**Requirement**
Copy out the full listing below as it stands, with its pictures left behind.

== Data segment ==

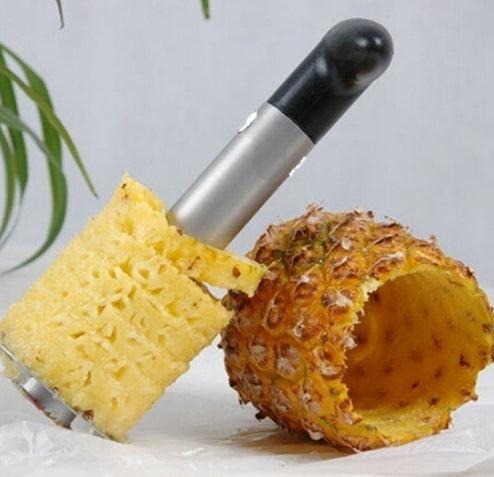 Stainless Steel Easy to use Pineapple Peeler Accessories Pineapple Slicers Fruit Cutter Corer Slicer Kitchen Tools.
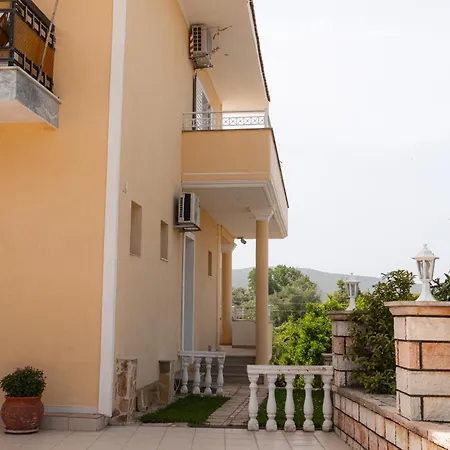 Apartment'S Vasileiou Suite 1 Preveza Buitenkant foto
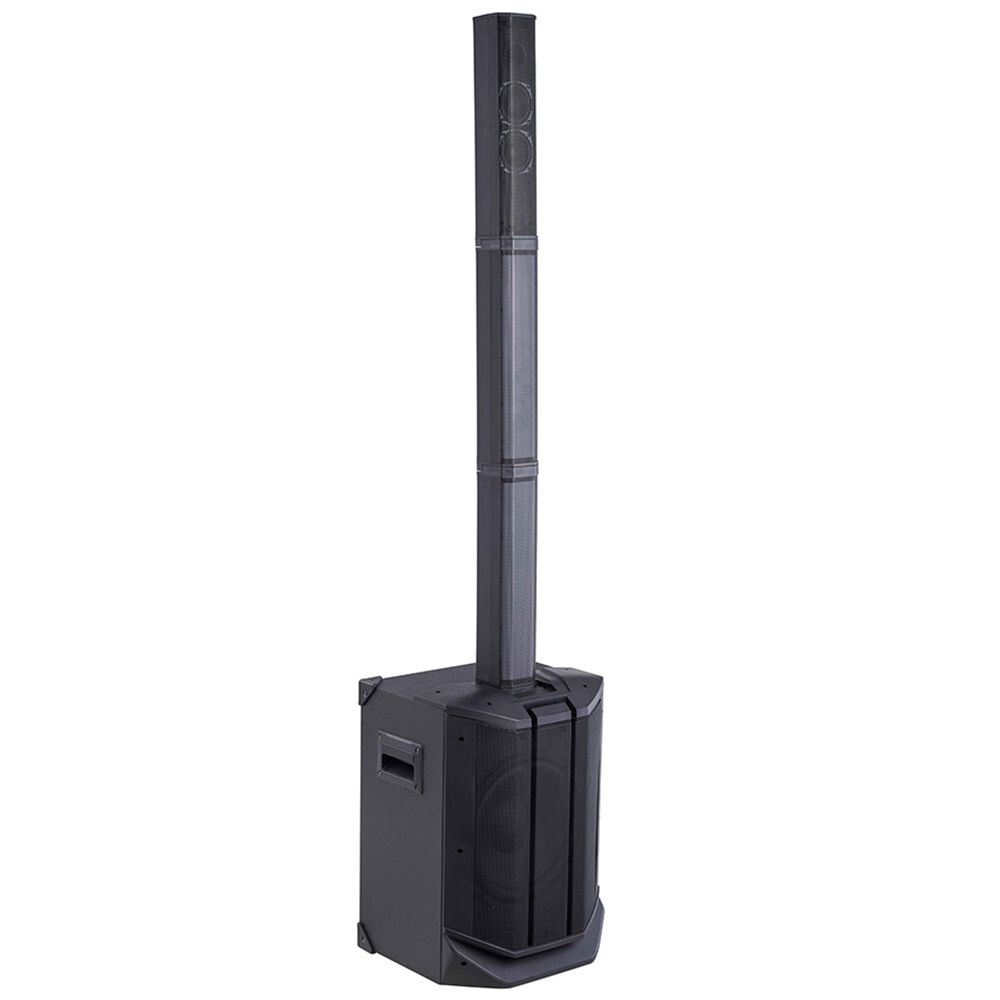Alien Pro Home Entertainment Bluetooth & Karaoke System - Black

===

**Reply**
 Stainless Steel Easy to use Pineapple Peeler Accessories Pineapple Slicers Fruit Cutter Corer Slicer Kitchen Tools.
 Apartment'S Vasileiou Suite 1 Preveza Buitenkant foto
Alien Pro Home Entertainment Bluetooth & Karaoke System - Black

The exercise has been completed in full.